En revanche, nous constatons une forte présence des intérêts chinois dans le secteur ferroviaire en Allemagne. En 2017, les chemins de fer allemands (Deutsche Bahn), ainsi que leurs homologues ferroviaires chinois, polonais, russes, mongols, biélorusses et kazakhs ont signé un accord multilatéral visant à approfondir la coopération dans le domaine ferroviaire Chine-Europe.

L'exemple le plus frappant est la coopération de la Chine avec le port de Duisburg. POint d'arrivée de la première ligne de chemin de fer Chine-Europe lancée en 2011, Duisbourg est la plaque tournante des lignes de transport ferroviaire Chine-Europe. En 2019, Duisburg a formé un partenariat avec COSCO Shipping Logistics pour construire le plus grand terminal de conteneurs d’arrière-pays en Europe, avec un débit annuel de 850 000 EVP. La même année, un accord de coopération trilatérale entre Duisburg, COSCO et Zeebrugge a été lancé afin de développer une connexion avec l'arrière-pays. Il permet à la Chine d'étendre ses connexions maritimes multimodales en Europe. En fait, l'Allemagne est le seul pays où les chiffres des expéditions ferroviaires sortantes (de l'Allemagne vers la Chine) sont plus élevés que les chiffres des expéditions entrantes à la fois en termes de valeur et de volume (figure 2), car les voitures et les machines allemandes sont principalement expédiées d'Allemagne vers la Chine par le rail.

 

Figure 2 - Expéditions par chemin de fer sino-allemand en volume et en valeur - Source des données : Eurostat

Quant au transport maritime, la situation diffère sensiblement du cas français. Il n'y a eu aucune acquisition chinoise de terminaux dans un port allemand[5]. Cependant, on peut observer d'autre types d'investissements d'un nouveau type dans le secteur maritime. Les compagnies maritimes chinoises, telles que COSCO, ont choisi Hambourg comme siège pour leurs opérations européennes. Le port de Wilhelm fournit un autre exemple : un projet de centre logistique de 200 000 mètres carrés destiné à China Logistics a été lancé en 2019.

2. Coopération dans des marchés tiers

La coopération dans des marchés tiers, qui est apparue pour la première fois en 2015 dans la Déclaration conjointe sur la coopération sino-française dans des marchés tiers, est un type de coopération économique entre les entreprises chinoises et d'autres entreprises internationales dans un pays tiers. Il s'agit en général de partenariats entre la Chine et des pays industrialisés pour développer principalement des projets d'infrastructure dans des pays en développement.

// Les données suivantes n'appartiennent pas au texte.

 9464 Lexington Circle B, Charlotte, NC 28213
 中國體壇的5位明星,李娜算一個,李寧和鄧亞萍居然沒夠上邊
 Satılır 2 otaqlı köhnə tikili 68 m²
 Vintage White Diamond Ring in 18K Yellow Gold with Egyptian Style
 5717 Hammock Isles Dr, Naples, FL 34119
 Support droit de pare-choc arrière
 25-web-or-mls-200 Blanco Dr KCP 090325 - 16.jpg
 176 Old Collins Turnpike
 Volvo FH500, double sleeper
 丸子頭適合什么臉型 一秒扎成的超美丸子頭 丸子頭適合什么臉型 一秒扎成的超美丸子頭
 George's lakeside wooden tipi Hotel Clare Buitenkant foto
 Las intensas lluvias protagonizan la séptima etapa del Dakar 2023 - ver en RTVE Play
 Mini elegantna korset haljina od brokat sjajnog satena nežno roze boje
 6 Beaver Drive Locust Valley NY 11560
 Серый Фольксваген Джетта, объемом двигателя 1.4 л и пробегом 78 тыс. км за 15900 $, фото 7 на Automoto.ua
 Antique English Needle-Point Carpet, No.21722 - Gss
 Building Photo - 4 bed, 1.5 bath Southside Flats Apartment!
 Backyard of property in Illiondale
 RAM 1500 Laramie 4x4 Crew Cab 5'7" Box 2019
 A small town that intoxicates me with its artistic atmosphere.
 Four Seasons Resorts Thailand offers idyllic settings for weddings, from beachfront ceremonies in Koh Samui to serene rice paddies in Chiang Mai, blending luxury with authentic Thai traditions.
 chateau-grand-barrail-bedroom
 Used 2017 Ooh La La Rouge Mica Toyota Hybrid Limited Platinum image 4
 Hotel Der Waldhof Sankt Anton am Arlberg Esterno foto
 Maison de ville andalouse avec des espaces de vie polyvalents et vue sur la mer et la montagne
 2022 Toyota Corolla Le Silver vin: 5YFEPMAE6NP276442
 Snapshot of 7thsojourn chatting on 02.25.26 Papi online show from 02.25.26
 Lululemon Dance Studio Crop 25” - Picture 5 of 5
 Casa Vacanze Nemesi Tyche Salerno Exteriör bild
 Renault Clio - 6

> Engagement au niveau de l'État

De tous les accords signés entre la Chine et 14 autres pays, la coopération sino-française dans des marchés tiers est de loin la plus étendue au niveau organisationnel, car la Chine entend faire de cet accord une illustration de la coopération dans les marchés tiers. La Chine et la France ont signé deux documents de politique, incluant une liste de projets types, et ont formé trois groupes de travail pour soutenir la coopération. Par rapport à la France, la coopération sino-allemande dans le secteur des transports est plus modeste, sans accord officiel au niveau de l'État et avec moins de projets.

> Domaine des projets communs

On observe ici une cohérence entre les projets de coopération dans des pays tiers et ceux qui concernent la connectivité "domestique". Elle se vérifie au niveau du champ d'action comme à travers les acteurs impliqués.

La majorité des projets Chine-France restent ainsi dans le secteur du fret maritime, et ceux du tandem Chine-Allemagne dans le fret ferroviaire. En termes de partenaires de coopération, CMA CGM continue de prendre la tête dans de multiples projets d'infrastructures maritimes, tels que le port de Kribi au Cameroun, exploité conjointement par Bolloré Africa Logistics et China Harbour Engineering. De même, le port de Duisburg est devenu actionnaire dans la société de développement du parc industriel Chine-Biélorussie depuis 2018 et a signé un protocole d'accord en 2019 avec PSA (Port of Singapore Authority) dans les projets de connectivité Chine-Singapour.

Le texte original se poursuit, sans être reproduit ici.